GenomeAssembler is a program for de novo genome assembly program. It uses De Bruijn Graph approach to merge intersecting short genome sequencing reads into longer sequences (contigs).
The method was inpsired by Velvet algorithm (Zerbino et al.). First step is to represent reads as a graph of lenght k sequences, where nodes connected by an edge overlap by k - 1 nucleotides.
Then the graph undergoes simplification process, i.e. linear connected subgraphs are merged.
Short chains of nodes disconnected on one end, called "tips", are predominantly result of sequencing errors and are removed in next step.
The original algorithm's essential part is removal of redundant paths - starting and ending at the same node and containing similar sequences. This feature is part of a roadmap and is not implemented yet.

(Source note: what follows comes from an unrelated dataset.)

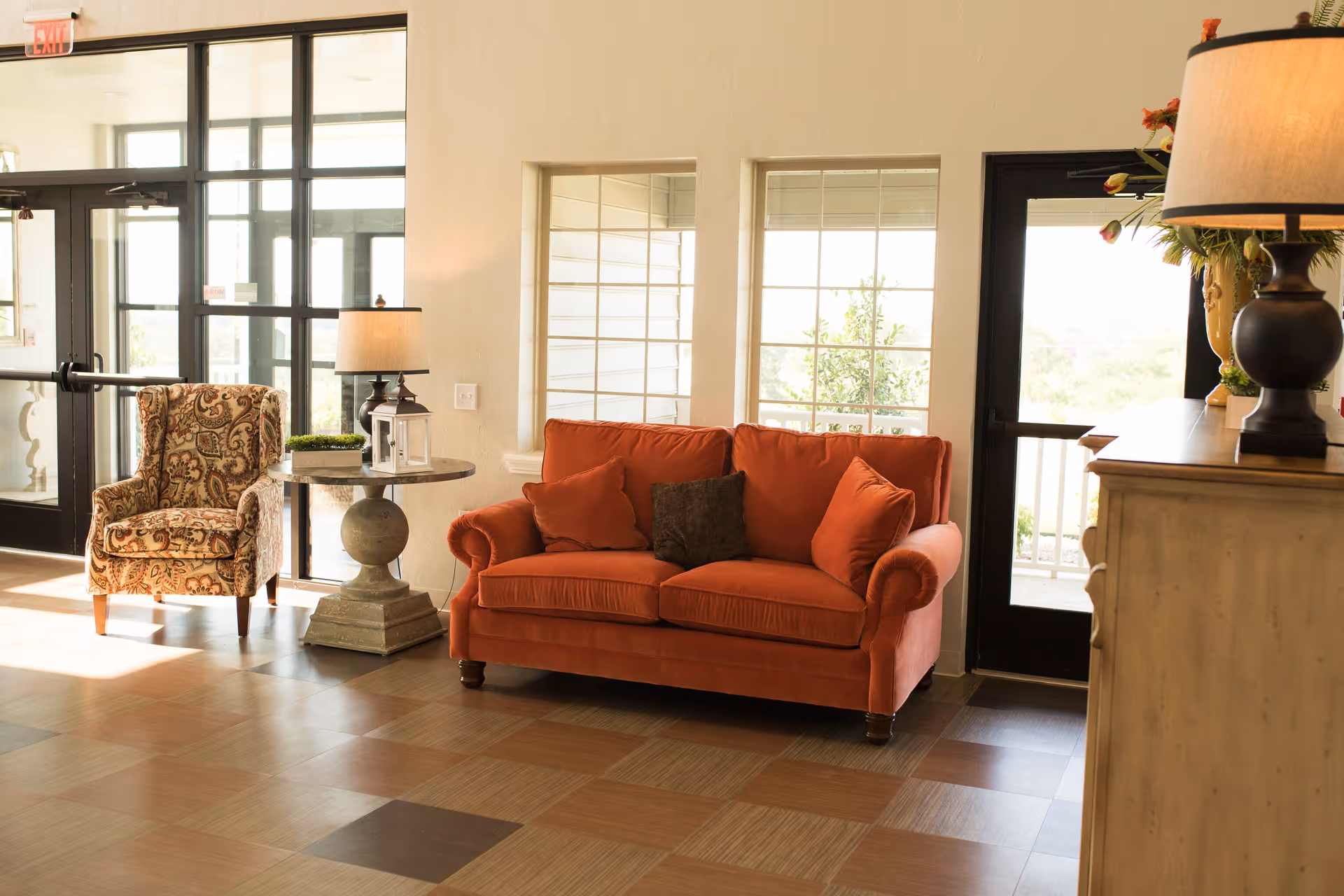 A cozy seating area in a senior living facility with a patterned armchair, a round side table with a lamp and decorative items, and an orange sofa with three cushions. The room has large windows and glass doors letting in natural light, with a wooden floor featuring a checkered pattern.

After all, abiguous connections that failed to resolve in previous steps are removed based on coverage cutoff. Sequences corresponding to subgraphs with minimum length of 300bp are returned.

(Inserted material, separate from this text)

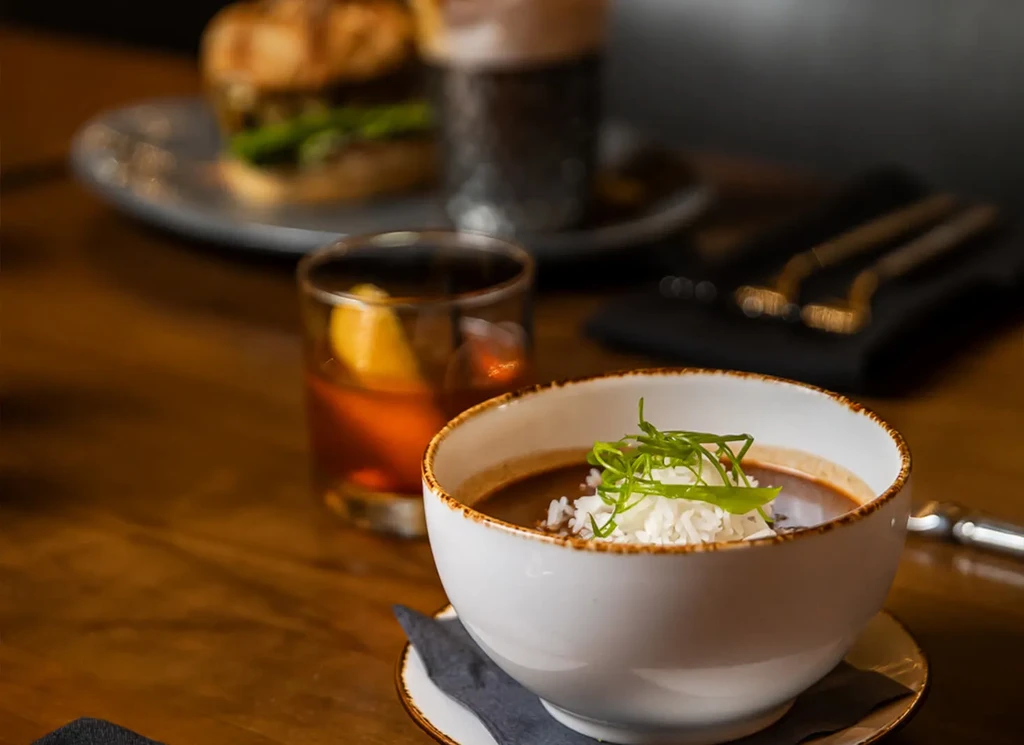 White bowl of dark soup with rice, drink, and blurred burger.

Initially an error correction approach based on k-mer frequency was considered. However it has turned out to yield inappropriate results and was disabled.

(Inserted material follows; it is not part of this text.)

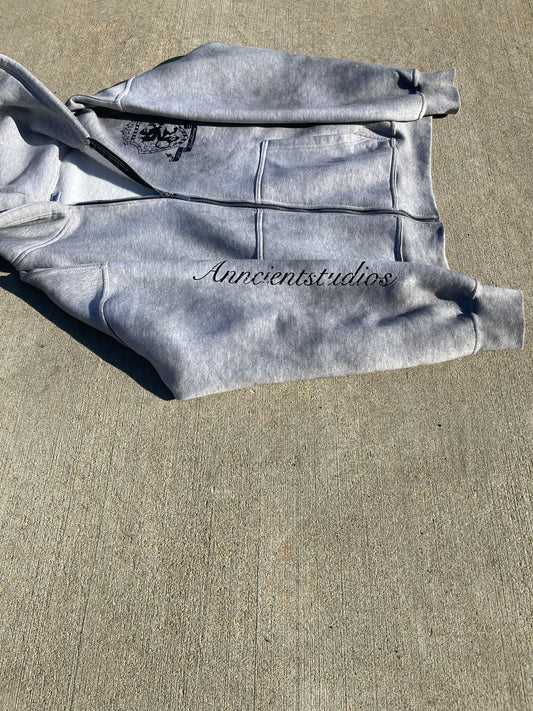 “Iron crest” zip-up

Building from source requires .Net Core SDK >= 2.2
git clone https://github.com/mikoar/GenomeAssembler
cd GenomeAssembler
dotnet publish Assembly/Assembly.csproj -c Release -o <output-dir>
assembly [arguments] [options]
Arguments:
reads fasta file with reads
contigs contigs output fasta file
Options:
--version Show version information
-?|-h|--help Show help information
-d|--dot <DOT_FILE_PATH> output graph to dot file
-k|--k <K> Mer length, default is 19
This software is distributed under WTFPL license.